[Hawkular-dev] Garbage collection of outdated Servers/Metrics - especially with (orchestrated) containers

Thu Mar 9 05:35:36 EST 2017

On Wednesday, March 8, 2017 5:54:46 PM CET Heiko W.Rupp wrote:
> Hi,
> 
> I know I brought that up in the past ... (and I am sure Juca will easily
> find where :-)
> 
> In the good old datacenter, one deployed an application server with
> application, added it to monitoring and it hummed there happily. The
> server sometimes got rebooted for OS updates or other things, but the
> app-server always stayed the same and the monitoring system knew all its
> pets by their name and the admins happily did this:
> http://www.starwars-union.de/bilder/news/20110401_sunset.jpg
> 
> Nowadays in orchestration system the situation more looks like this
> http://www.animationsfilme.ch/wp-content/uploads/2013/07/DespicableMe_01.jpg
> 
> where containers come and go and an application in container once it has
> died is not re-started but a new container with its own ID is started.
> 
> Of course we can identify applications with labels so that I don't need
> to know the container id. So I can gather and display metrics for those
> and all is fine.
> 
> But: all those containers will create new
> - metric ids
> - inventory entries
> - ???
> 
> The question is now: how long do we want/need to keep them?

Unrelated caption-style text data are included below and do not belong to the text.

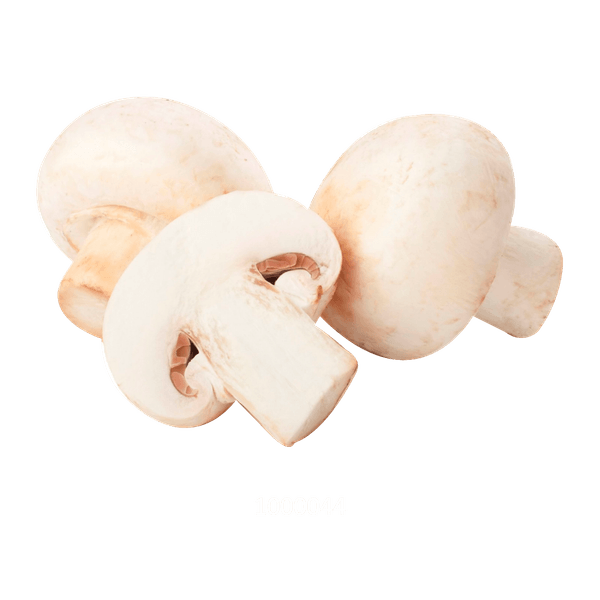 58AFYV050_1 58AFYV050_1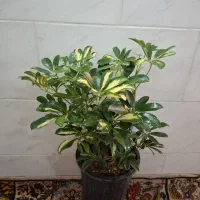 گلخانه آذرگُشَسْب گل‌های ارزان با کیفیت|گل و گیاه طبیعی|اصفهان, باغ فدک|دیوار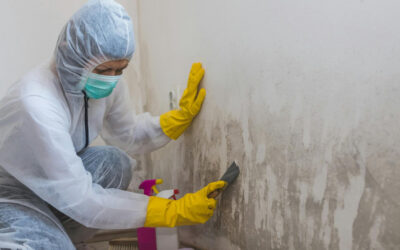Selling a Home in Sonoma County? Here’s Your Mold Disclosure Checklist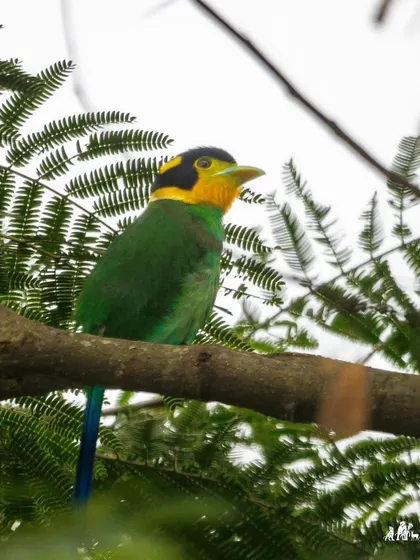 The Long-tailed Broadbill, also known as the Helmet Bird, is a stunning resident of the Himalayas. Its unique colors and shape make it a prized sighting on our high-altitude birding treks.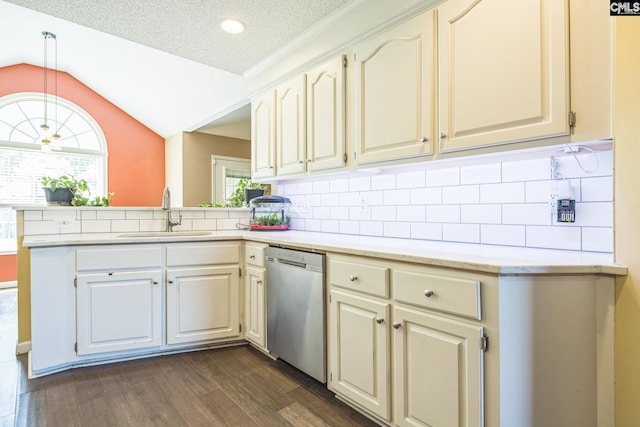 kitchen with stainless steel dishwasher, dark wood-style flooring, plenty of natural light, and a sink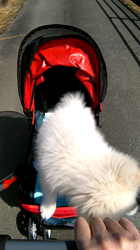 近江香奈ブリーダーからお迎えしたサモエド：空(くぅ）ちゃん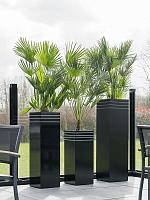 Кашпо Baq line-up square matt black (с техническим горшком) L30 W30 H75 см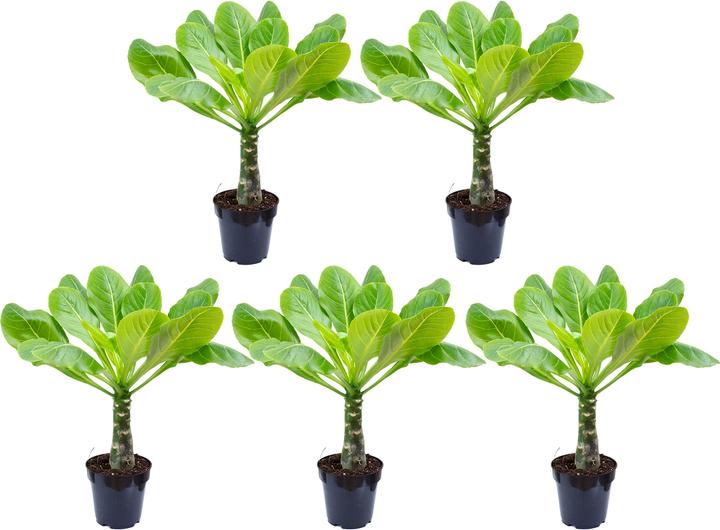 Actual product image Flowerbox Set of 5 Hawaiian Palm - Brighamia (40 cm)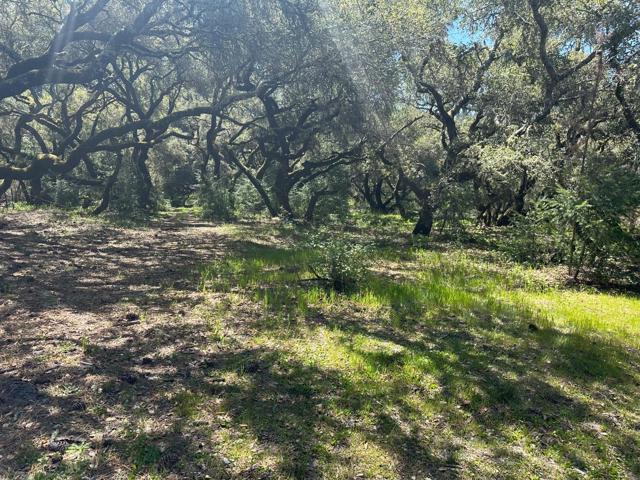 0 Hidden Glen Drive, Scotts Valley CA: https://media.crmls.org/mediaz/fc32f63c-b2e2-41ac-9bad-01d26c9577da.jpg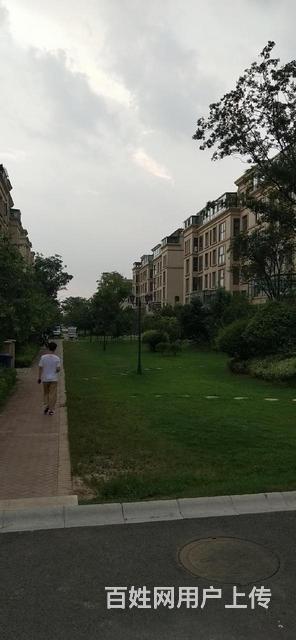 首付五万 掌舵龙湖 一手房源不收取您任何费用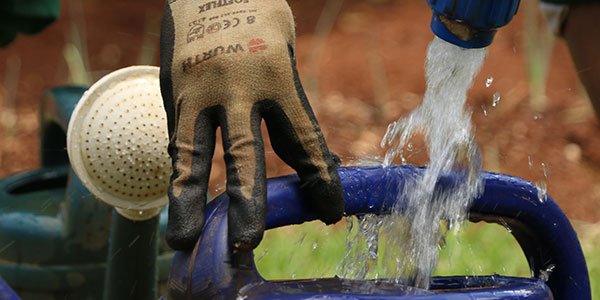 Water being poured into watering bucket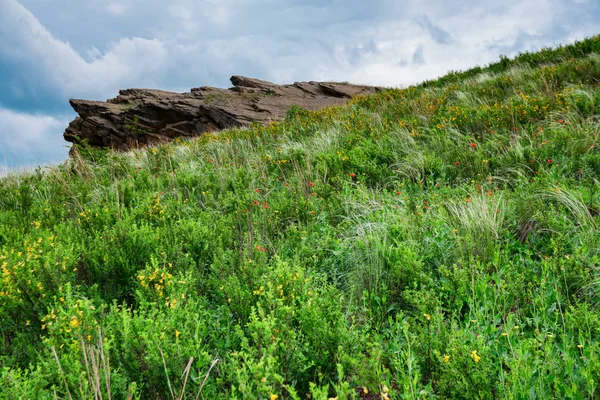 Stone cavern in green steppe landscape view with cloudy sky and steppe flowers in bloom — Stock Photo, Image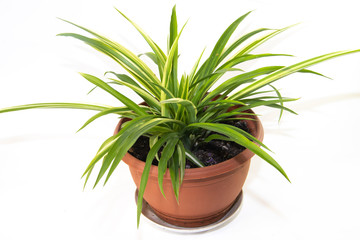 Home flower Chlorophytum isolated on white background. An isolated flower. Home flower.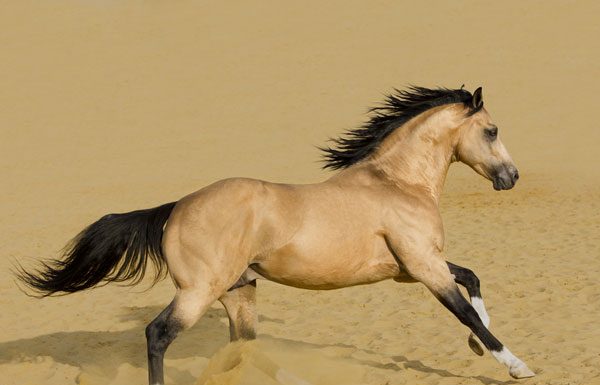 American Quarter Horse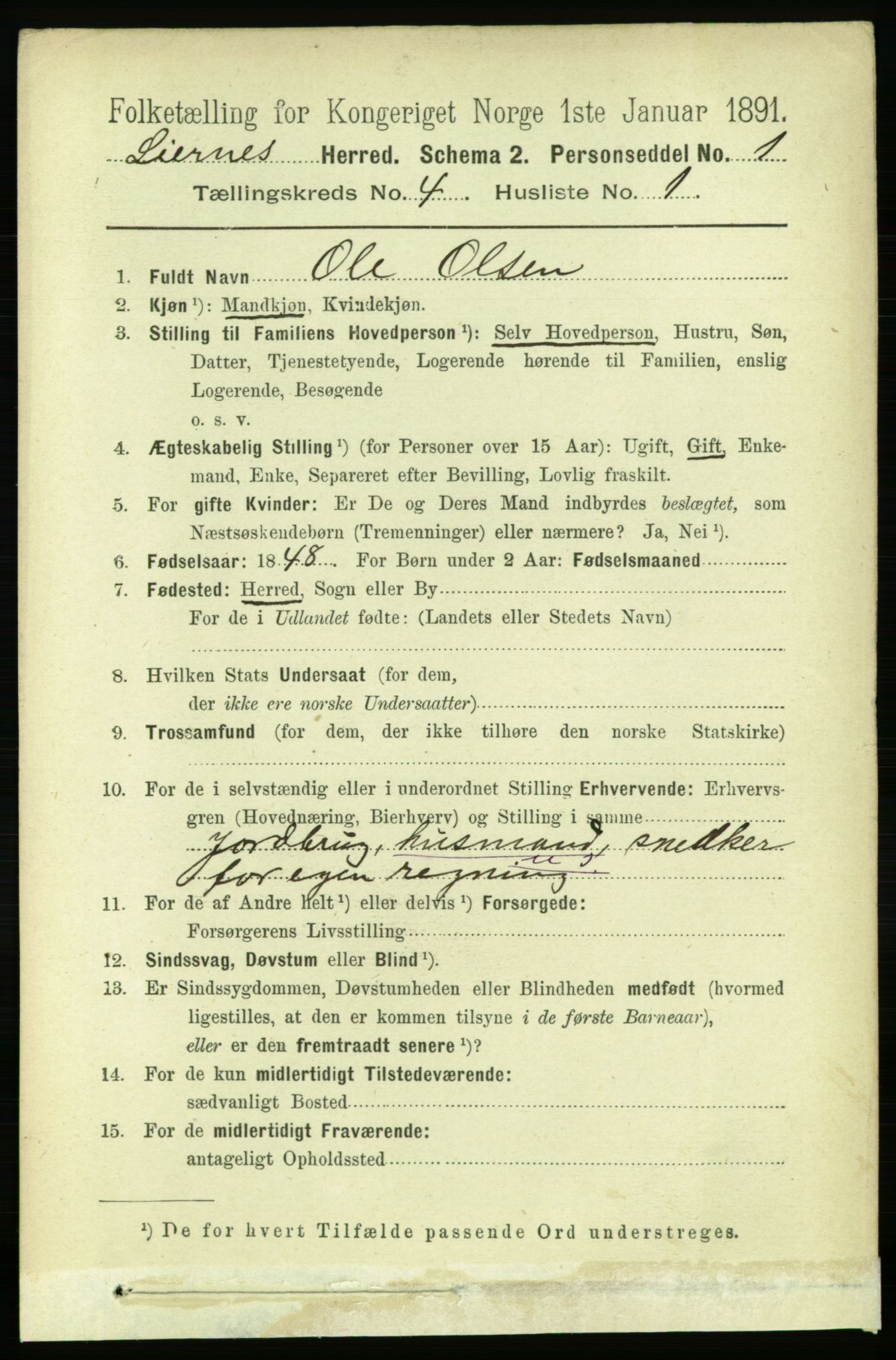 RA, 1891 census for 1737 Lierne, 1891, p. 1028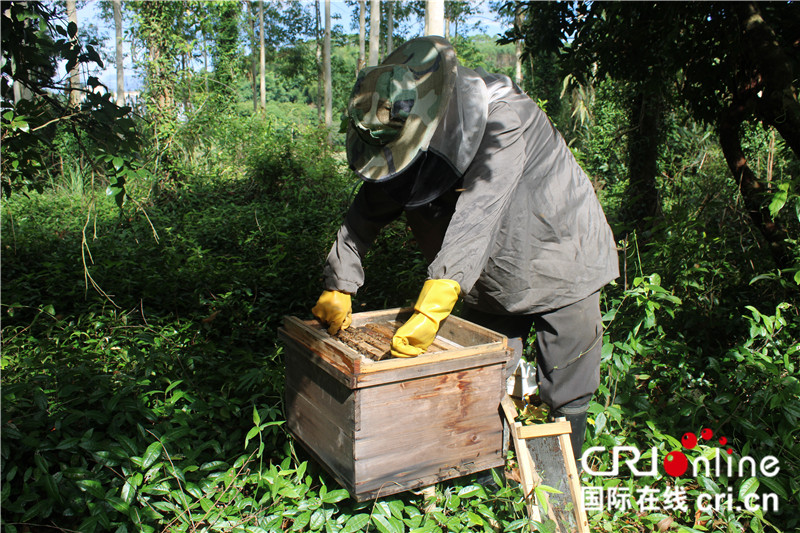 自治区定贫困村和自治区级贫困村是一个意思，已改成级【A】玉林市陆川县：贫困夫妇“种养”出幸福生活（组图）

Isn't the question rather "how do we associate them with the application(s)"? 
Because if we want to track e.g. CPU load generated by an application in a 
container - isn't that something users would want to look at history of? IMHO, 
using the ephemeral "container id" as (part of) metric ids is a wrong thing to 
do, because really the user isn't interested in the container itself, but the 
applications that are running in it and their consumption of container's 
resources.

> Hawkular-metrics has a TTL for the datapoints, but I think metric
> definitions are not evicted.
> Similar a container being killed can't easily tell inventory that its
> entry can go away.
> 
> For inventory-new we could use the expiration feature of
> Hawkular-metrics for datapoints, where e.g. the agent would regularly
> sync data and thus refresh the last-seen time to keep an entry "alive".
> 
> Also for the pure metrics - how much of historic data do we want/need.
> And if we would e.g. aggregate those for long(er) term storage I think
> we could perhaps actually aggregate over all individual time series over
> many parallel pods and aggregate them into one for the entire
> application.
> 
>    Heiko
> 
> _______________________________________________
> hawkular-dev mailing list
> hawkular-dev at lists.jboss.org
> https://lists.jboss.org/mailman/listinfo/hawkular-dev

-- 
Lukas Krejci